Когда-то на одном из дружеских вечеров в Центральном Доме работников искусств был проведен шутливый конкурс на самую заковыристую фамилию. Призом был объявлен огромный уникальный арбуз. От соревнователей, среди которых были видные наши актеры, поступили конверты с множеством фамилий, одна другой причудливее. Была, помнится, среди них, так сказать, духовная фамилия — Поморюякопосухуходященский. Арбуз-гигант получил знаменитый актер МХАТа, назвавший фамилию Кукрыниксы. Она оказалась самой причудливой, самой необычной и в то же время самой емкой, многозначительной, ибо под этой фамилией уже более сорока лет дружно живут, не ссорясь между собой, и не просто живут, а бурно, талантливо, необыкновенно продуктивно работают три художника:
М. В. Куприянов
П. Н. Крылов
Н. А. Соколов
Когда-то, еще в студенческие годы, в знаменитом ВХУТЕМАСе они коллективно нарисовали в стенной газете удачную карикатуру.

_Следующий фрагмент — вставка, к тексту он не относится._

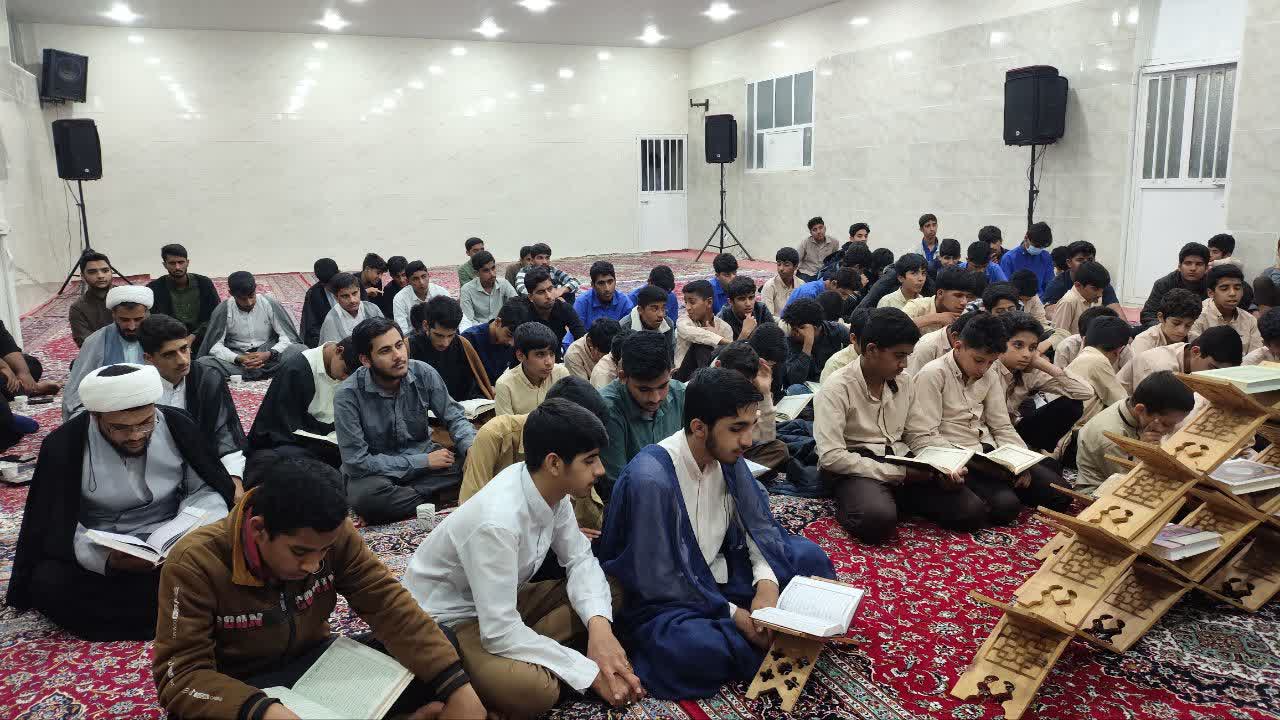 برنامههای خانه طلاب مدرسه امیرالمؤمنین(ع) سندرک در ایام ماه مبارک رمضان
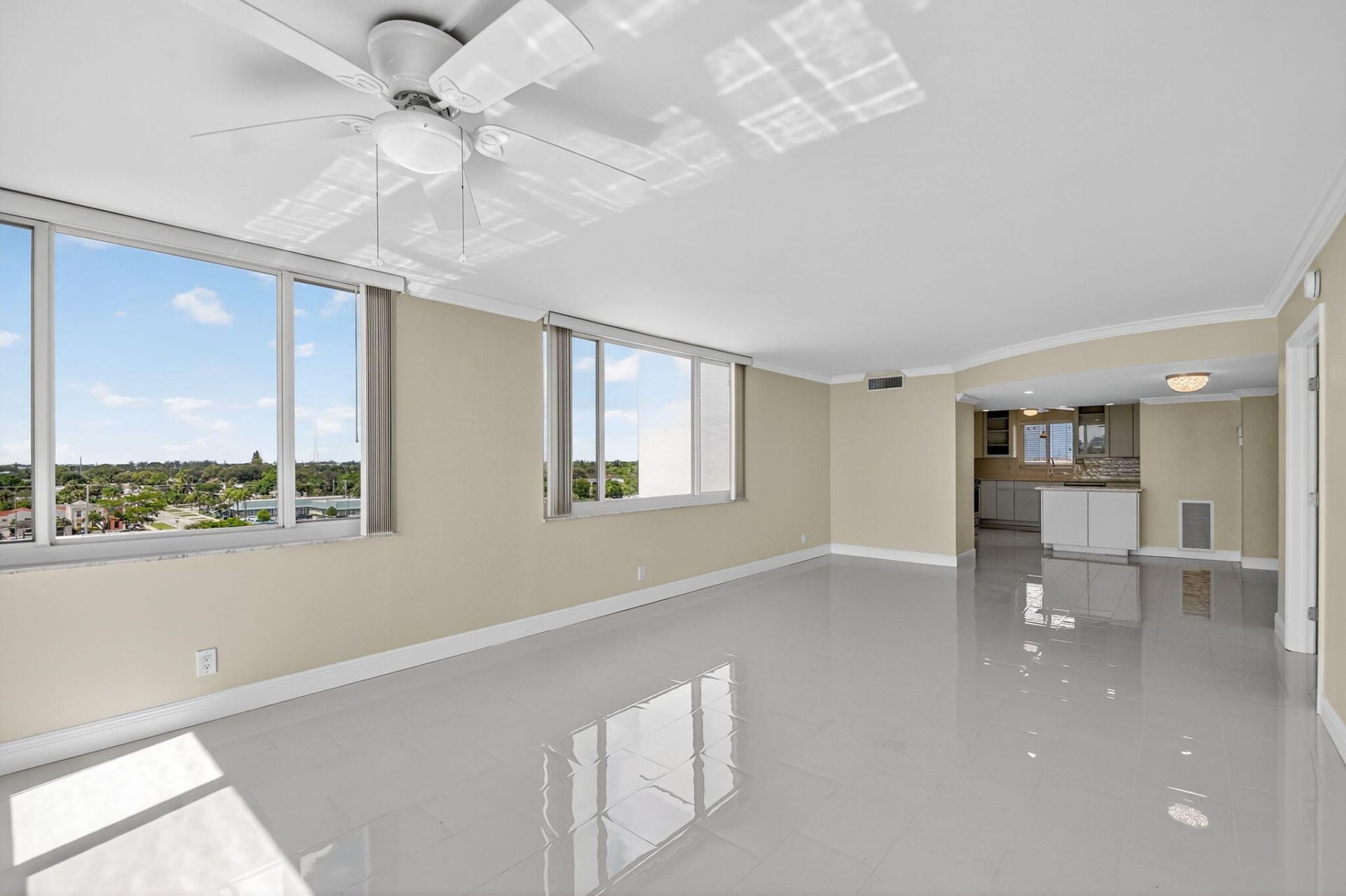 301 Lake Shore Drive, Unit 711, Lake Park, FL 33403 Photo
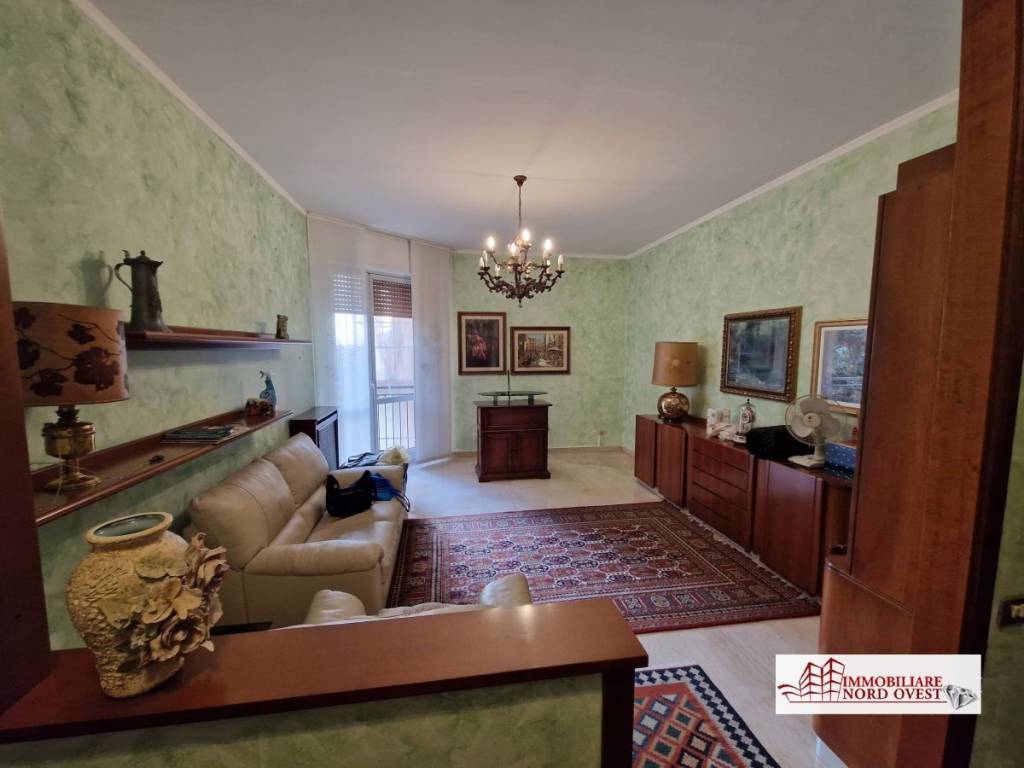 appartamento in vendita a Rho in zona Ghisolfa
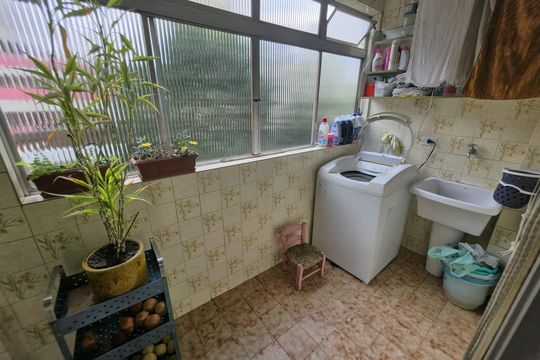 Área de serviço de apartamento à venda com 4 quartos, 130m² em Jardim das Bandeiras, São Paulo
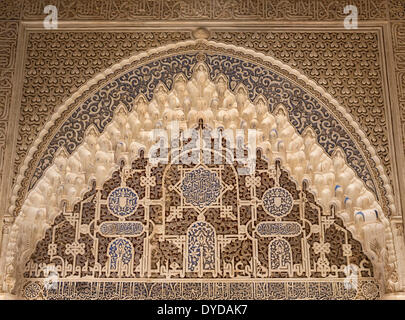 Decorazione in stile moresco nella Sala delle Due Sorelle, Sala de las Dos Hermanas, Alhambra Palace, Granada, provincia di Granada Foto Stock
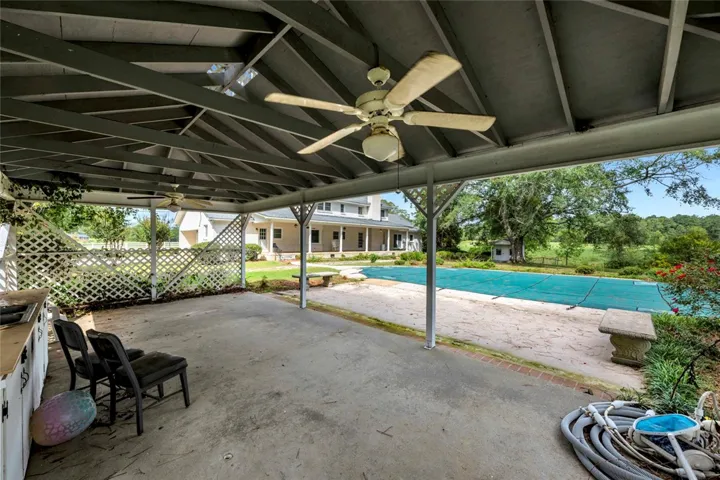 44 Nunnally Lake Road, Ohatchee, Alabama 36271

Работали вместе. Карикатура нравилась всем троим, и встал вопрос: как ее подписать? И вот каждый пожертвовал для этой подписи начальный слог своей фамилии. Так родилось творческое содружество Кукрыниксов, известное теперь всему культурному миру. Сейчас оно вошло, вросло в наш быт, новый лексикон. Ну кто же из нас не слыхал: «Это достойно карандаша Кукрыниксов», или «Кукрыниксов на тебя нет», или, что совсем часто: «Это, знаете ли, совсем кукрыниксовский персонаж».
Творческий диапазон этой удивительной троицы необыкновенно широк. Их творчество столь многообразно, что трудно даже установить, в чем Кукрыниксы больше преуспели: в острейших ли карикатурах, которые они, как стрелы, посылают через «Правду» во всех врагов нашей страны и нашей идеологии, в сатирических ли картинах, в исторических полотнах или в шаржах дружеских и недружеских. А может быть, в иллюстрациях к книгам классиков, образы которых они всегда умеют осмыслить как-то по-новому, по-своему, по-кукрыниксовски, или в красочных плакатах, всегда лаконичных, немногословных, броских.
Но что роднит их искусство во всех жанрах — это злободневность, целеустремленность и партийность в лучшем смысле этого слова.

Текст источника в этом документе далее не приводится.